Home > Uncategorized > At Empire State: Two Heads Are Not Better Than One (originally posted 2008)

At Empire State: Two Heads Are Not Better Than One (originally posted 2008)

At Empire State:   Two Heads Are Not Better Than One

By Stuart H. Brody

Originally Posted on www.empirepage.com/whataboutupstate.com in April 2008

In government, an idea sometimes takes hold that promises a rare breakthrough in efficiency.   The downstate/upstate split of leadership at the Empire State Development Corporation seemed to some like such an idea.  In implementing it, Eliot Spitzer intended to highlight the specific needs of Upstate and ensure they would be seriously addressed. 

He hired two accomplished professionals to do the job or, should I say, jobs:  Pat Foye, who recently resigned, was the Downstate representative, and Dan Gunderson still serves as the Upstate representative. 

From the standpoint of execution, the idea has been a disaster.  Empire State Development—the key development arm of the State–has been crippled by competing philosophies and internal power struggles.  Anyone who has had the remotest dealings with ESD understands that a once effective state agency has languished into dysfunction and distracting turf wars. 

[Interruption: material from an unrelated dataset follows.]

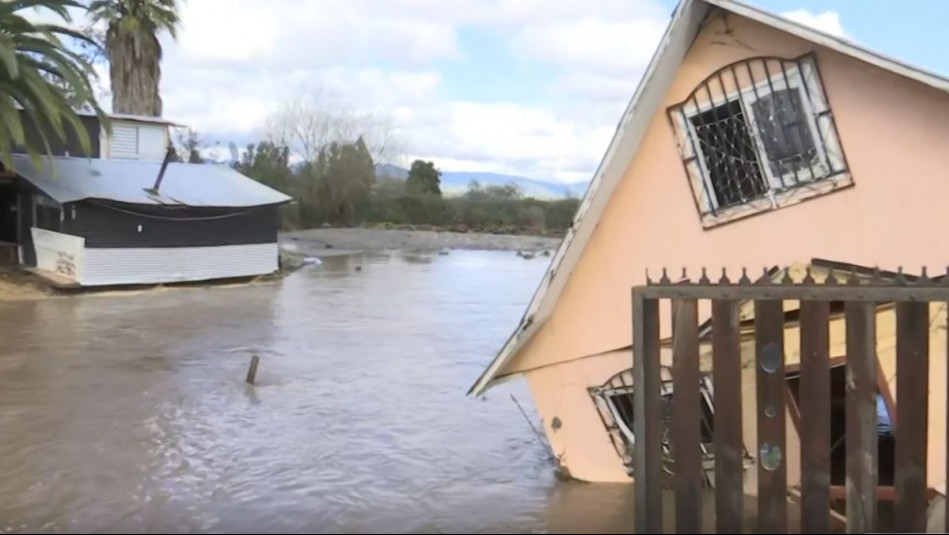 Crecida de río Cachapoal arrasa con casas en Doñihue: 'Comenzó a erosionar la ruta'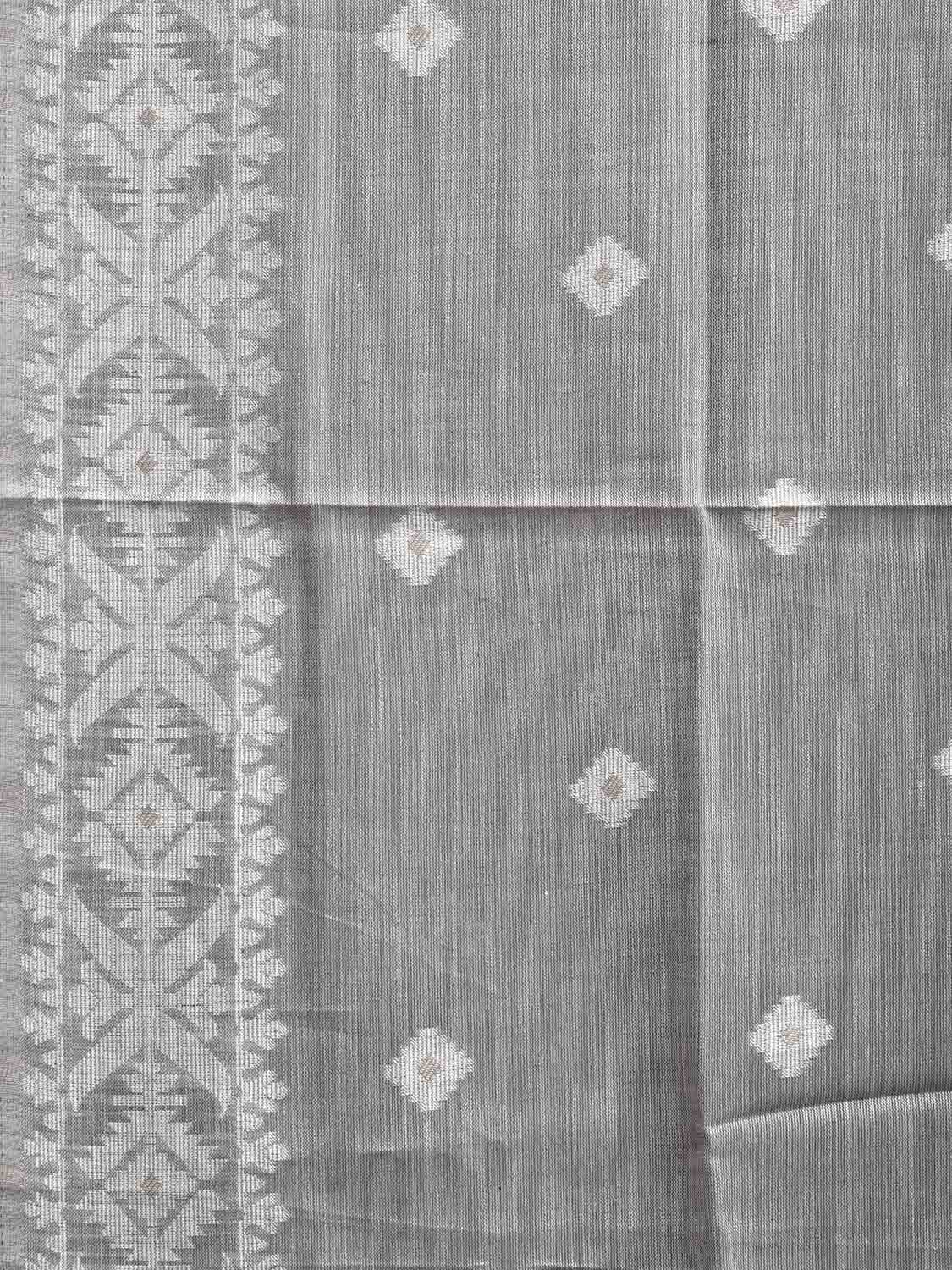 Light Grey Dhakai Jamdani Cotton Viscose Saree with Border and Pallu Design dj0130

Yet, in an uncommonly fierce challenge, Unshackle New York and other Upstate advocacy groups have roundly criticized Governor Paterson’s decision to combine ESD efforts in to one leader.  Surely, these groups which have been so thoughtful, committed and accomplished in the service of Upstate, are aware of what’s going on at ESD.  Yet, they are calling out the militia in service of the wrong war.

The battle is not the number of heads at ESD, it’s the strength of the voice.  Far too often, as Upstate leaders know, the rhetoric from Downstaters has been patronizing, cliché driven and uninformed, but not from this Governor.   As Senator, then Lt. Governor, David Paterson has demonstrated both understanding of and commitment to Upstate challenges and has traveled extensively to assert both. 

As Governor, he has reemphasized his commitment to the Upstate Revitalization Fund, property tax reform, regionalization of economic development, environmental vigilance, Wicks law revision, energy reform and a host of other important Upstate concerns.   This record entitles him to deference in his organizational preference for one leader as well as  his choice of leader

While the idea of a powerful head of upstate development is symbolically attractive, it is largely a vacant gesture if ESD as a whole is not working affectively.   Clinging to a symbol which does not serve the cause it symbolizes is neither good strategy nor sound policy.  

As a fall back position, some groups have called for Dan Gunderson’s selection as the sole leader of ESD.  Dan Gunderson, coming to New York from Pennsylvania tirelessly traversed Upstate to gain an understanding of its issues, and has succeeded by most accounts admirably.  How ironic it would then be to dilute that focus by shifting him to the state-wide role.

This sudden flare-up over ESD leadership is a negative signal to New York and out-of-state business interests who must wonder what the fuss is about over implementing a standard business practice of consolidating executive power in one leader. 

After all, it’s the buck that stops at the second floor, not two 50 cent pieces.